Distance based prefetching algorithms for mining of the sporadic requests associations
Vadim Voevodkin, Andrey Sokolov
TL;DR
The paper tackles reducing storage latency by improving prefetching of sporadic read requests. It introduces the Distance Based Sporadic Prefetcher (DBSP), a lightweight algorithm that uses distances between request histories and three tables to identify associations. The authors provide a rigorous evaluation methodology and demonstrate that DBSP outperforms the Mithril baseline with modest increases in cache hit ratio and acceptable storage overhead. The work offers practical integration guidance and a framework for consistent comparison of sporadic prefetchers across storage systems.
Abstract
Modern storage systems intensively utilize data prefetching algorithms while processing sequences of the read requests. Performance of the prefetching algorithm (for instance increase of the cache hit ratio of the cache system - CHR) directly affects overall performance characteristics of the storage system (read latency, IOPS, etc.). There are widely known prefetching algorithms that are focused on the discovery of the sequential patterns in the stream of requests.
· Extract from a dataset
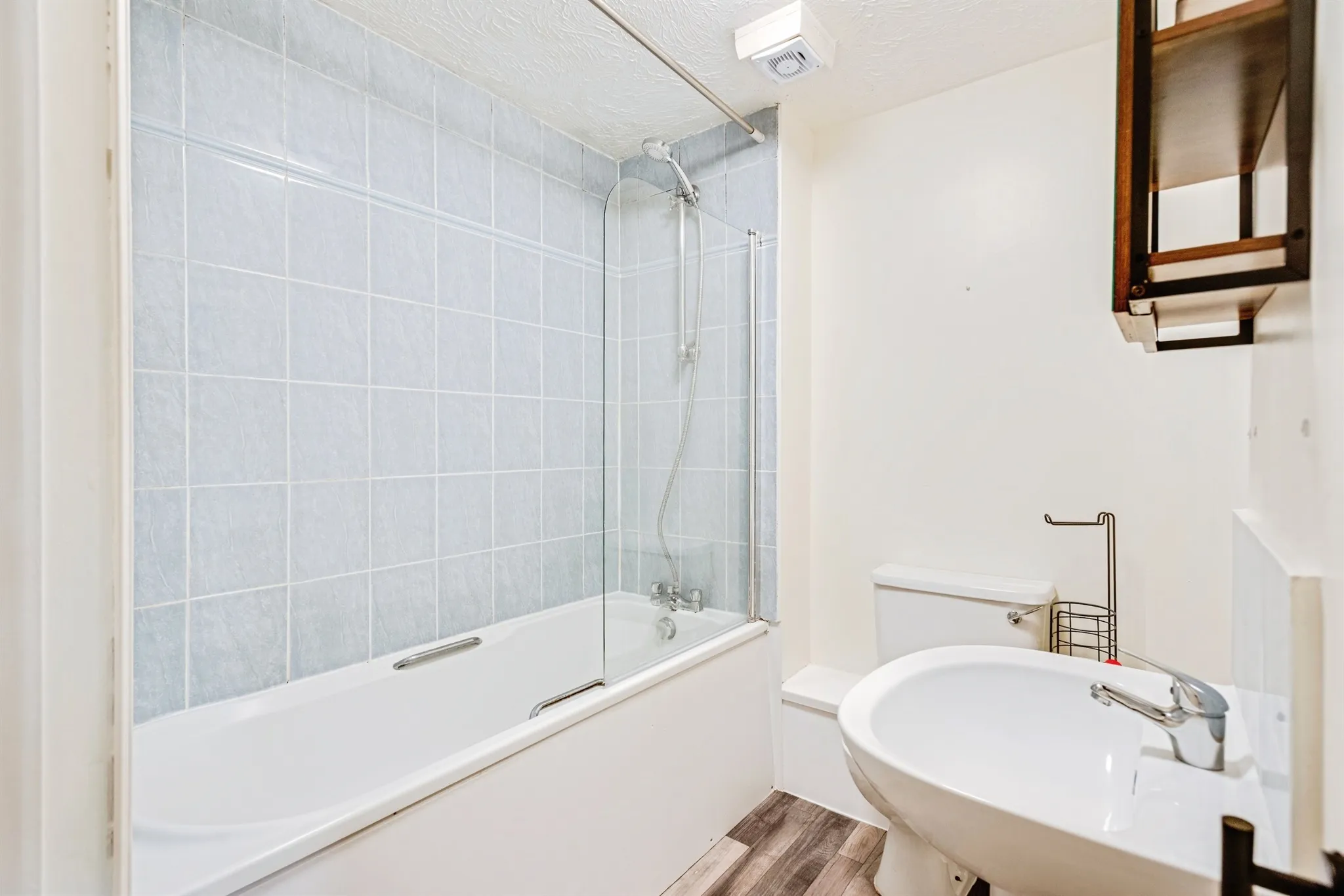 2 bed Ground Flat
This study examines a family of prefetching algorithms that is focused on mining of the pseudo random (sporadic) patterns between read requests - sporadic prefetching algorithms. The key contribution of this paper is that it discovers a new, lightweight family of distance-based sporadic prefetching algorithms (DBSP) that outperforms the best previously known results on MSR traces collection.Another important contribution of this paper is a thorough description of the procedure for comparing the performance of sporadic prefetchers.